We define the sensitivity as the integrated flux of a source above a given energy for which the number of excess events (N_excess) divided by the square root of the number of background events (N_bkg) is equal to 5 after 50 hours of effective observation time. In addition, we require that N_excess > 10 and N_excess > 0.05 N_bkg. The corresponding energy threshold is computed as the peak of the true energy distribution of a Monte Carlo sample with a Crab-like spectrum. Integral sensitivity computed according to different definitions and tabularized numbers are available in Aleksić et al. (2016). All the curves are computed using samples of Crab Nebula data. For example, the sensitivity computed according to Li&Ma significance with 5 background regions is (0.67+/-0.04)% C.U. above 290 GeV and (1.45+/-0.02)% C.U. above 100 GeV for 50 hours of observations.

 

 

 

 

 

Evolution of the integral sensitivity of the MAGIC telescopes. Gray circles: sensitivity of the MAGIC-I single telescope with the Siegen (light gray, long dashed) and MUX readouts (dark gray, short dashed). Black triangles: stereo before the upgrade. Squares: stereo after the upgrade: zenith angle below 30deg (red, filled), 30−45deg (blue, empty). Figure reproduced from Aleksić et al (2016). The added pink point shows the integral sensitivity above 55 GeV obtained with the PKS1441+25 detection sample.

 

Differential sensitivity

Here we use the same definition as for the integral sensitivity, however we divide the data in 5 bins per decade of estimated energy. Differential sensitivity computed according to different definitions and tabularized numbers are available in Aleksić et al. (2016).

 

 

 

 

 

 

 

 

Differential (5 bins per decade in estimated energy) sensitivity of the MAGIC telescopes. Black triangles: stereo before the upgrade. Squares: stereo after the upgrade: zenith angle below 30deg (red, filled), 30−45deg (blue, empty). All the curves are computed using samples of Crab Nebula data. Figure reproduced from Aleksić et al (2016).

 

Sensitivity at ~50 GeV

Even while 50 GeV is usually below the analysis threshold of the MAGIC telescopes (for a standard stereo trigger) for a Crab-like spectrum, it is still possible to perform scientific observations with the MAGIC telescopes at those energies. Due to unfolding corrections for the energy resolution and bias it is also possible to reconstruct reliable spectra at energies not so much below the energy threshold.

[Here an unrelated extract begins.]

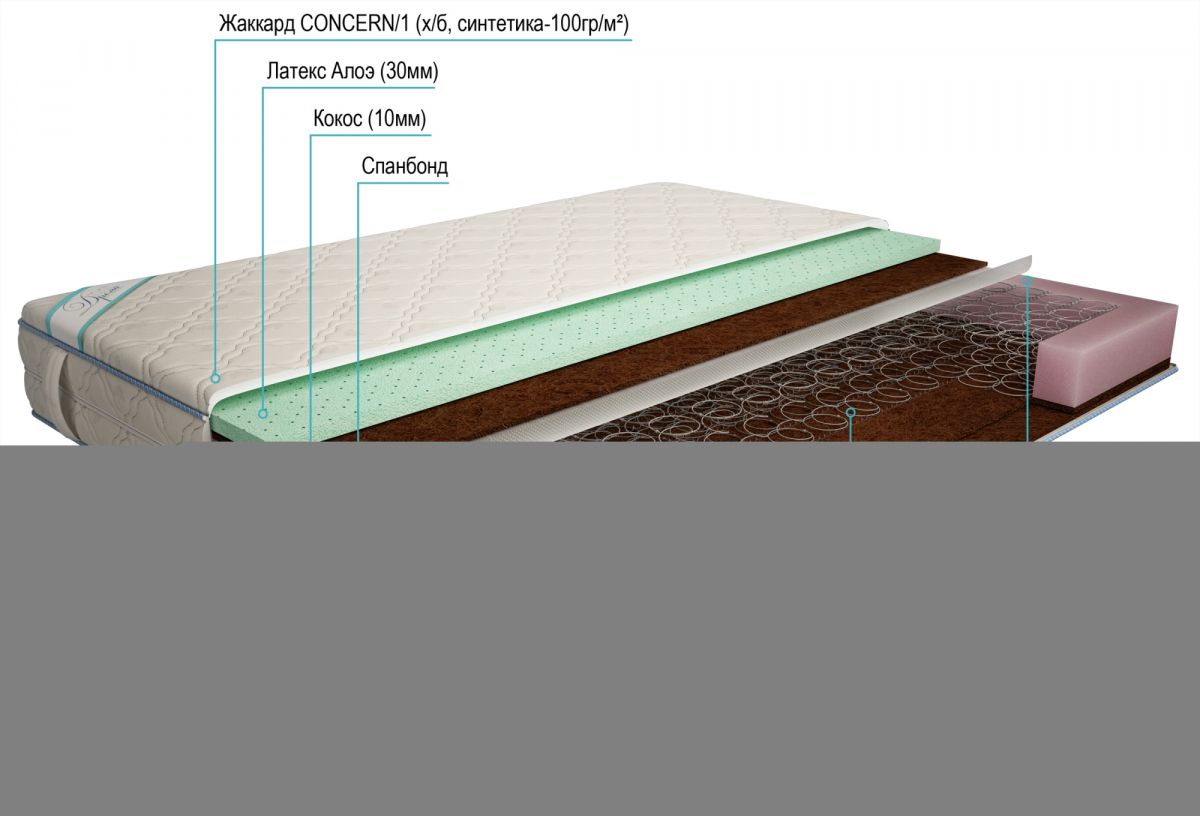 матрас дрема bonnel кокос aloe 110х190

Moreover, for steep spectra sources (far AGNs, GRBs, pulsars) the peak energy shifts to lower values. For example, a strong 25 sigma detection of the z=0.939 flat-spectrum radio quasar PKS 1441+25 corresponds to 5% Crab flux sensitivity above 55 GeV for 50 hours of observations.

 

Angular resolution

We define the angular resolution as the sigma parameter of a 2-dimensional Gaussian function, fitted to the gamma-ray excess distributions. This corresponds to about a 39% containment radius of gamma rays.

 

 

 

 

 

 

 

 

 

Angular resolution of the MAGIC telescopes for data (points) and MC simulations (lines). Red points: low zenith angle sample, blue points: medium zenith angle sample. For comparison, the pre-upgrade low zenith angle angular resolution is shown as gray points. Figure reproduced from Aleksić et al (2016).

 

Energy resolution

To evaluate the energy resolution and bias we divide the data in bins of true energy. In each bin we construct a distribution of (Eest − Etrue)/Etrue and fit it with a Gaussian function. The energy resolution (bias) is then the standard deviation (mean) obtained from this fit.

 

 

 

 

 

 

 

 

Energy resolution (solid lines) and bias (dashed lines) obtained from MC simulations of gamma rays. Events are weighted in order to represent a spectrum with a slope of −2.6. Red: low zenith angle, blue: medium zenith angle. For comparison, pre-upgrade values are shown as gray lines. Figure reproduced from Aleksić et al (2016).